A joint venture is a popular route for FDI into India either because of the existing sectoral caps in certain areas of investment or it may be the preferred strategy for the foreign investor on account of local knowledge and expertise available through a domestic partner. The joint venture company into which investment is proposed may be an existing Indian company already in business or a new company in which both the foreign investor and the Indian partner acquire an equity stake. Joint venture agreements typically include provisions for resolving deadlocks between venture partners, exit options, equity participation by local and foreign investors, composition of the board and management
1.2 Unincorporated entities
These include the entities duly formulated for specific purposes and are regulated by the Indian federal bank i.e. the Reserve Bank of India (“RBI”).
In certain situations, where the foreign entity would like to assess the market in India, it may consider establishing a liaison/Representative office. A liaison office requires light structural setup and represents a place of business in India for the parent company. The liaison office can facilitate technical/financial collaboration between the foreign parent and Indian companies as well as promote exports to and imports from India. Such an office is not permitted to engage in any trading or commercial activity and the overseas head office, through remittances, meets all its expenses. German entities having a profit making track record for preceding 3 years are eligible for establishing a liaison office.

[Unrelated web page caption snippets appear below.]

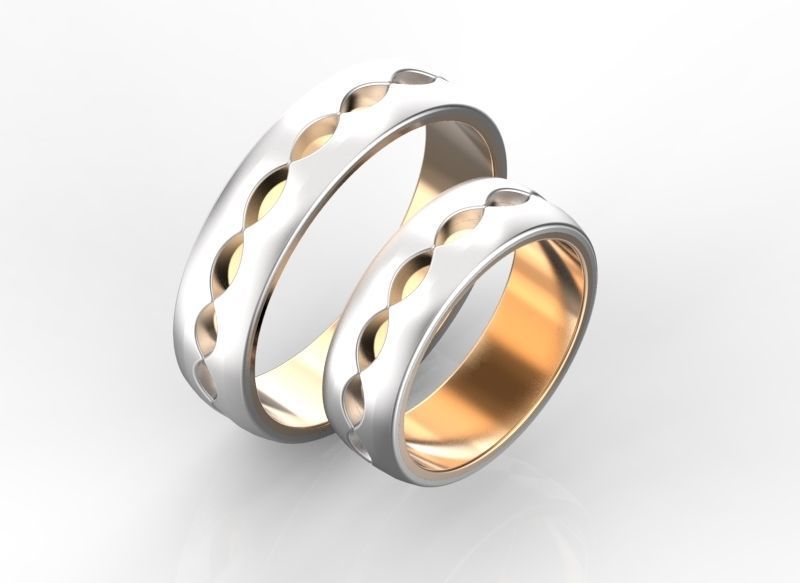 two tone wedding bands rings weddingring gold ring band jewelry 3D print model - Mito3D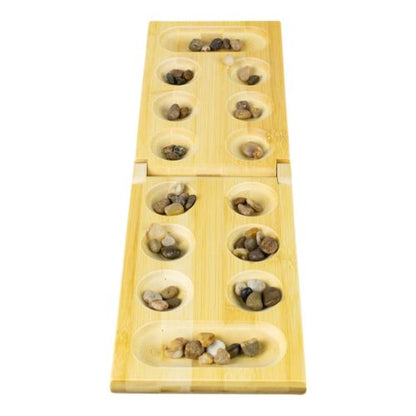 Bamboo Classic Mancala Game with Colorful Stones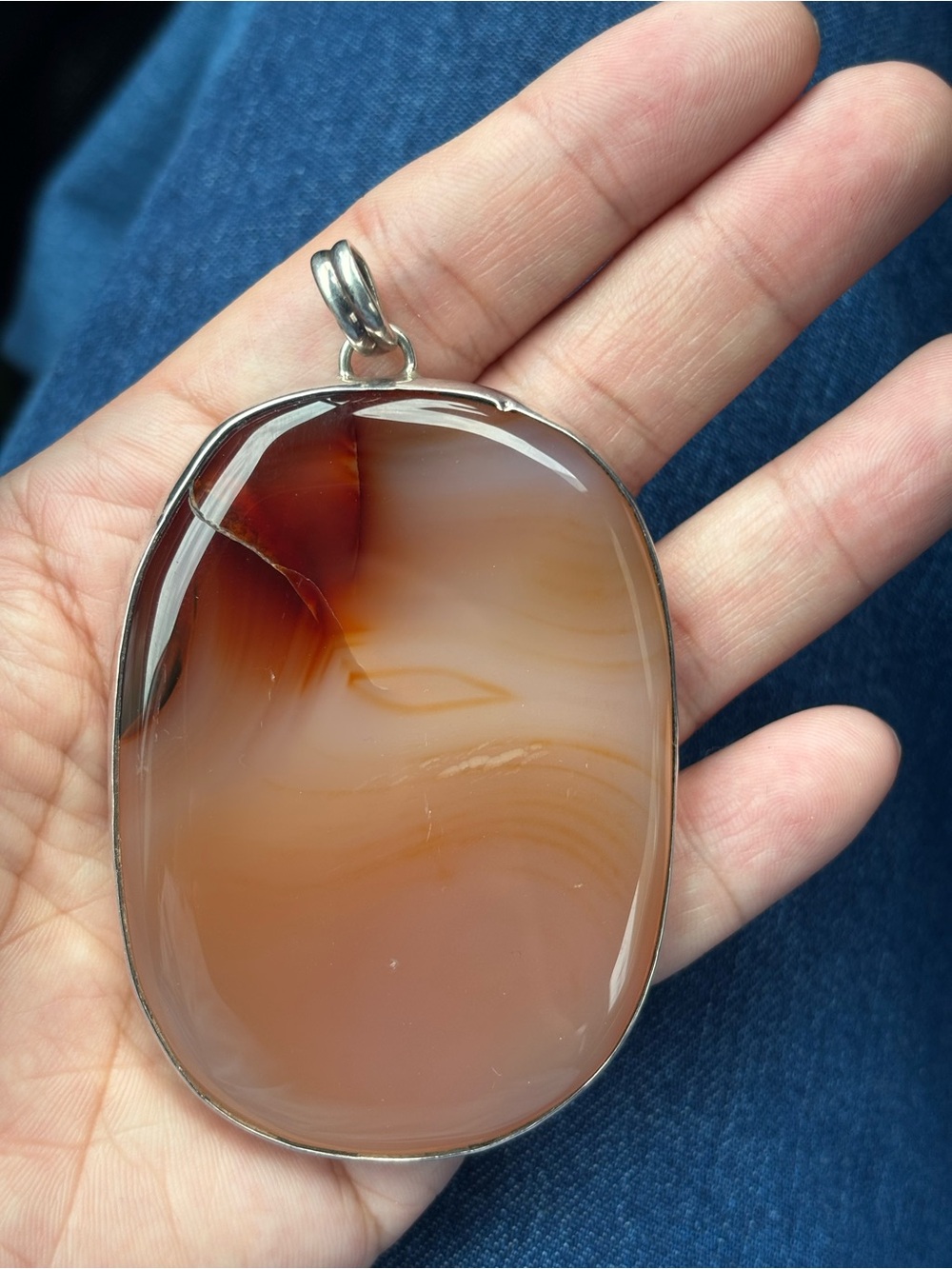 Huge 925 Polished Brown Agate Pendant in Silver Setting
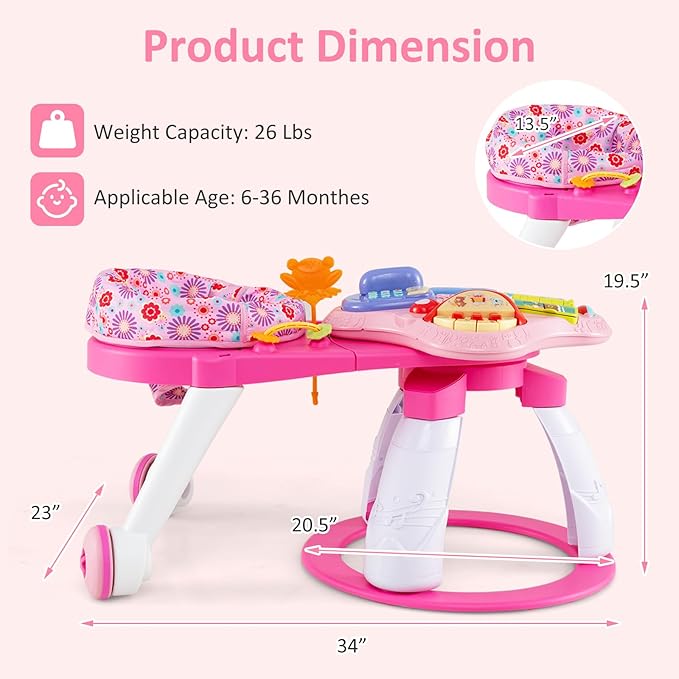 INFANS 3 in 1 Walk Around Baby Activity Center, Baby Walker with Play Table, Wheels, Detachable Seat Cushion, 3 Adjustable Heights, Learning Toys for Boys Girls Aged 6-36 Months (Pink)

If the foreign entity envisages a greater presence in India and is keen to undertake activities (manufacturing/trading) of the head office in India, then it may consider setting up a branch office. A branch office is not a separate legal entity unlike a company and any liability of the branch would be the liability of the foreign entity. The purpose for which a branch office can be established includes export-import of goods, rendering professional/consultancy services, carrying out research work for the parent company, promoting technical/financial collaboration, representing and acting as the buying and selling agent for the parent company, rendering information technology, software development and other technical services. Although a branch office is not allowed to carry out manufacturing activities on its own, it is permitted to subcontract.
2.0 Company law
All companies in India are incorporated under and governed by the Companies Act 2013 (“the Act” in this section).
2.1 Types of companies
The Act provides for incorporation of different types of companies, the most popular ones engaged in commercial activities being the private limited and public limited companies (liability of members being limited to the extent of their shareholding). Since private companies have lesser day-to-day to compliances, it is usually the most preferred mode of doing business in India. India also has entity forms like limited liability partnerships, one-person company, etc., but these are not preferred in the start-up ecosystem, especially where the founders are looking to raise external capital. Therefore, a private company is the ideal entity structure for most foreign start-ups looking to do business in India.These are described below:
2.1.1 Private company
To incorporate a private limited, a minimum of 2 shareholders and 2 directors are required. However, it cannot have more than 200 shareholders and 15 directors. In case these thresholds are crossed, a private company would be deemed as a public company. Further, at least 1 director has to be an Indian resident. This is an important aspect for German start-ups to keep in mind.
Broadly, a private company:
– restricts the right to transfer its shares;
– prohibits any invitation to the public to subscribe for any of its shares or debentures.
The balance sheet and profit and loss account of the company has to be filed with the Registrar of Companies (“ROC”). Any person can inspect the profit and loss accounts of the company filed with the ROC upon payment of prescribed inspection fees.
2.1.2 Public company
A public company has a minimum of 7 shareholders and 3 directors. Like a private company, there cannot be more than 15 directors and at least 1 of them must be an Indian resident. A private company, which is a subsidiary of another company, not being a private company, shall be a public company and accordingly, must comply with the requirements of the Act as are applicable to a public company.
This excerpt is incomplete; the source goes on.